El otro día pasé más de una hora hablando por teléfono con una amiga cristiana quien está pasando por una prueba inimaginable. Tiene temor y no sabe cómo se desarrollarán los próximos días. Su futuro es oscuro e incierto, el temor llama y las preguntas se acumulan:
- «¿Por qué permitió Dios que esto sucediera?».
- «¿Qué bien podría sacar Dios de todo esto?».
- «¿Cómo será el futuro?».
- «¿Cómo llegará la luz al final de esta oscuridad?».
Sin embargo, cuando colgué el teléfono después de aquella conversación, mi corazón se sintió sorprendentemente animado. Lo que empezó siendo una conversación en la que mi amiga compartía sus dudas y temores, se convirtió en una conversación sobre su fe, su Dios.
Sin Jesús solo hay esperanzas efímeras o frases triviales que aportan poco consuelo a los corazones temerosos, pero con Jesús, no importa por qué tengamos temor, no importa lo incierto que sea nuestro futuro, y no importa lo profundamente arraigado que esté nuestro temor. Tener temor puede recordarnos de nuevo por qué necesitamos tan desesperadamente la fe.
La fe trae esperanza, porque los ojos de la fe miran a un Dios que nos conoce, que nos cuida, que nos preservará y que está con nosotras. En esta vida, y especialmente durante las pruebas, a menudo tememos porque no sabemos cómo acabarán las cosas; pero con ojos de fe, miramos a nuestro Dios que sí lo sabe.
Imagínate a un niño sentado solo en su habitación en la oscuridad de la noche, llorando de miedo. El padre o la madre se acercan a él, lo abraza y le susurra: «Calla, pequeño. Tranquilo. Ya estoy aquí, no estás solo, estoy aquí contigo».
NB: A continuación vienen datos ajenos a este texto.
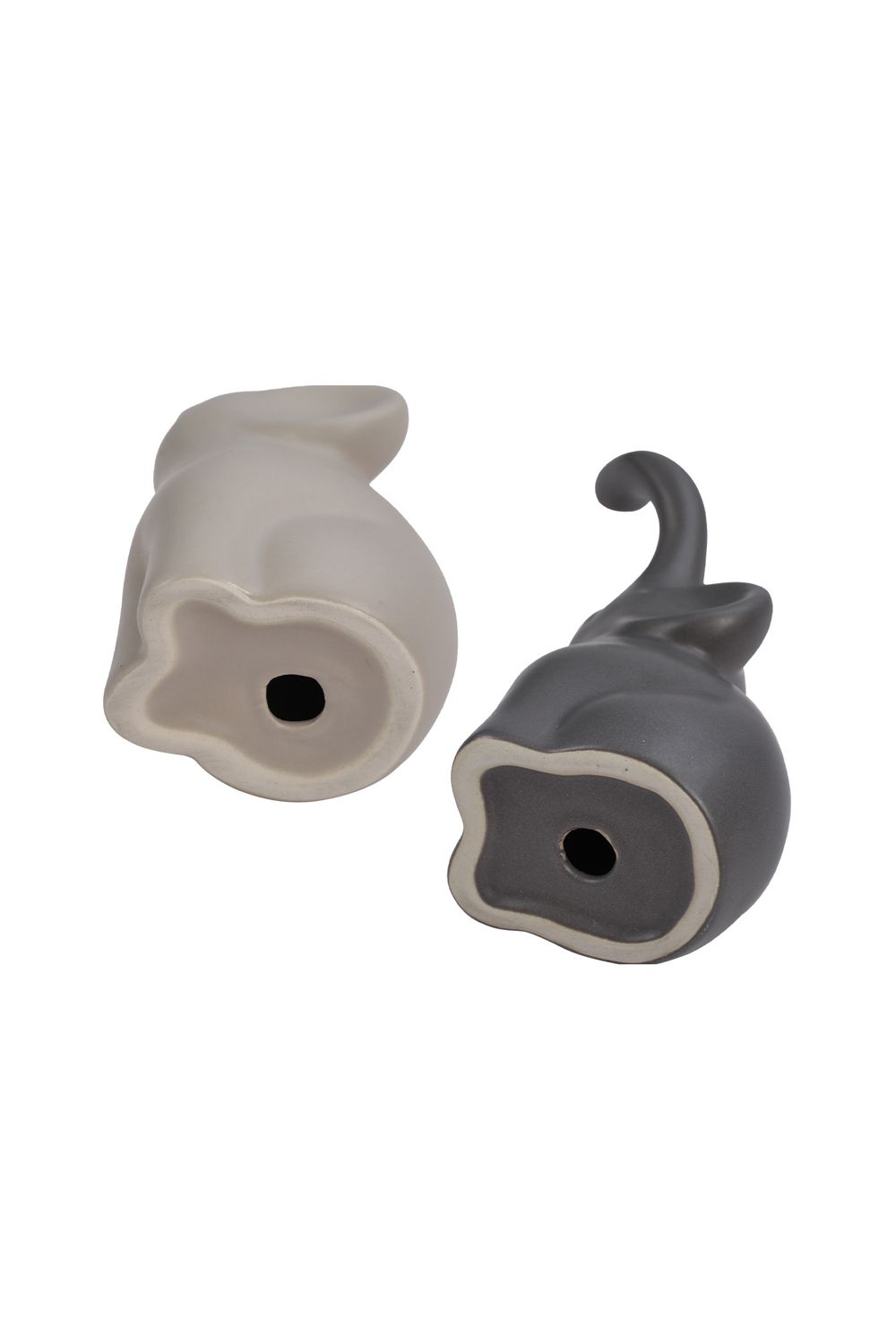 Living and Home Set of 2 Ceramic Couple Elephant Statue Figurine Ornaments image 5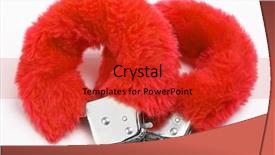  Presentation with sex - Amazing PPT layouts having sex toys - fluffy pink handcuffs on white backdrop and a red colored foreground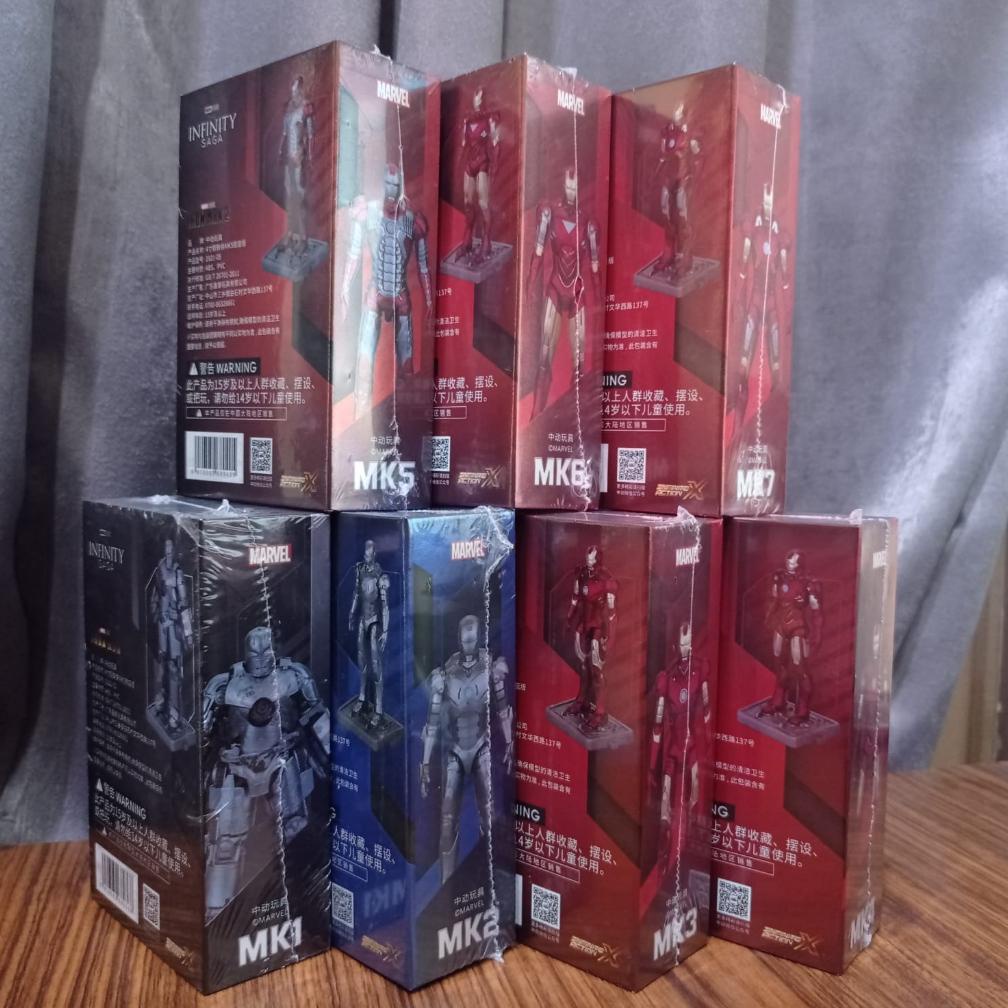 Hot Sale Zd Toys Marvel Iron Man 4 Inch Scale Mark 1 Sampai Mark 7 Termurah
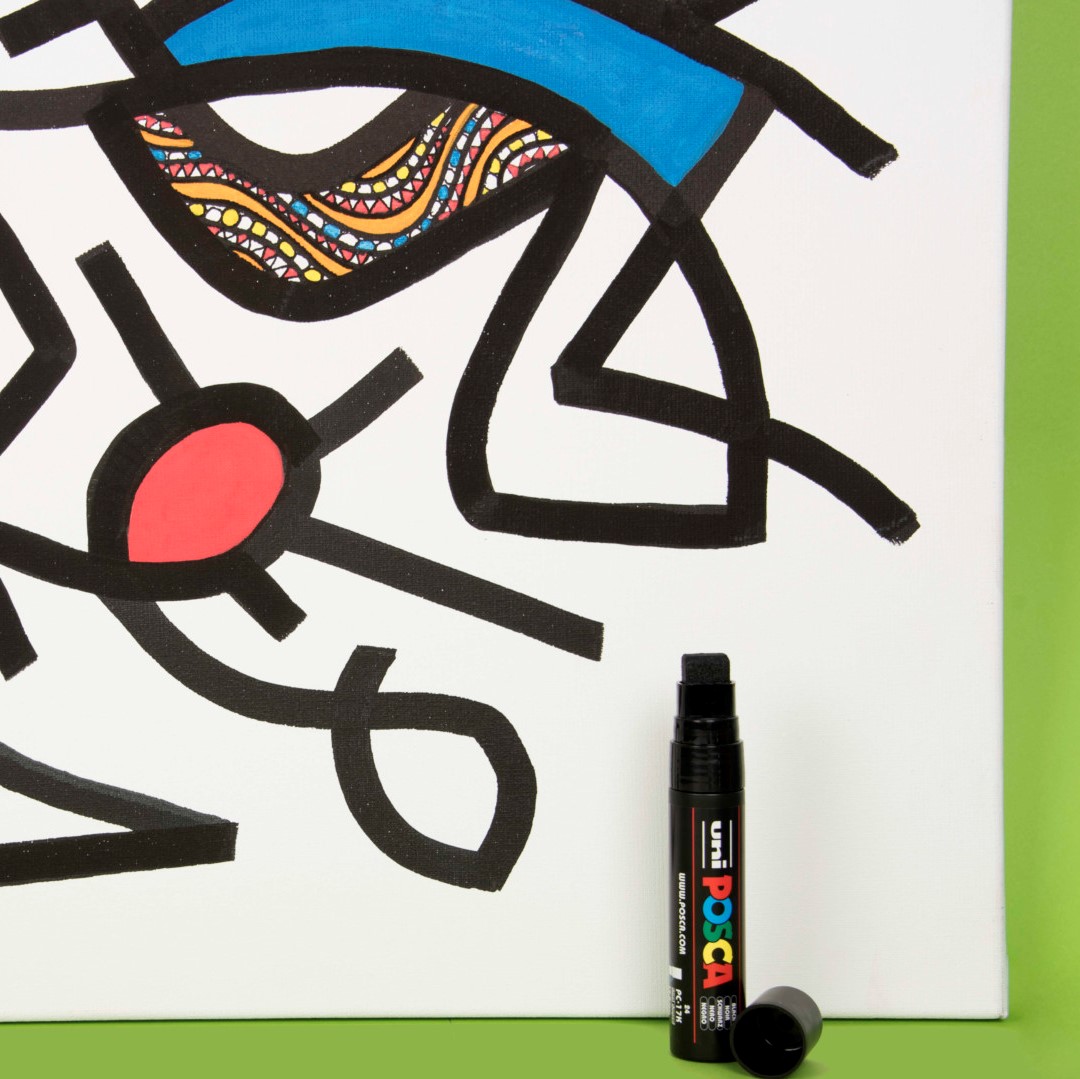Posca Marker Black - Set of 8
Cuando estamos solas y temerosas, nosotras también debemos escuchar por la voz de nuestro Padre:
«No temas, porque Yo estoy contigo; no te desalientes, porque Yo soy tu Dios. Te fortaleceré, ciertamente te ayudaré, sí, te sostendré con la diestra de Mi justicia». -Isaías 41:10.
Hija de Dios, ¿el temor está acosando tu corazón? Si es así, ¿estás escuchando la voz de tu Padre?